It was in early September that I read in Rolling Stone that the band had decamped to Malibu to aid Robert’s recovery – and were planning to write and rehearse for a new album. Subsequent news reports had them sighted on stage in an ad hoc performance in Jersey. There was also the report in NME that they had recorded a new album in Musicland Studios – in a mere three weeks and it would be released in early 1976.

So in January 1976, I rang the Swan Song office in London to find out a release date and more details. March was sited – the Melody Maker ran a news story not long after that the album would be titled Obelisk and released in February. They were on the right lines with the title –as we know an obelisk would be the distinctive feature of a simply bizarre cover design.

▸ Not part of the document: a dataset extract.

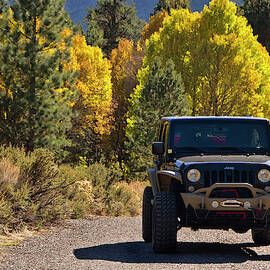 Jeep Wrangler among autumn colors by Waterdancer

Before all that, Robert Plant had given some ‘good to be alive’ interviews in New York. He mentioned one track to be titled Achilles Last Stand ”You know immortal but for the heel -or for being a heel. I mustn’t joke about it because I’m very proud of it”. 

The very nature of the title laid down its credentials – I just knew it was going to be an epic. In his review of the Presence album in Sounds, Jonh Ingram declared it would be ”A motherfucker live”. Both these forecasts would prove to be entirely correct.

sounds

Jimmy Page’ s press interview for the album staged in March were equally positive. ”It really does sum up a period for the band  A little bit of the past, a little bit of the future”.

Achilles Last Stand was indeed an epic – as I was to find out on the evening of Saturday April 3 1976. Alan Freeman had played the entire album on his Saturday afternoon show – alas I was working that day but we taped it and – the first time I heard that opening salvo unfold was in a car travelling the byways of Bedfordshire on a bright spring Saturday evening.

It sounded like something from another planet. It sounded simply magnificent.

I still have that original BASF tape. Somehow it sounded more impressive than the LP. I think it may be a slightly different mix – and there is a slight edit in Royal Orleans. During that broadcast, Alan Freeman let the whole album run without gaps or links between the tracks – there is some noticeable surface noise in evidence indicating it may have been an acetate playing.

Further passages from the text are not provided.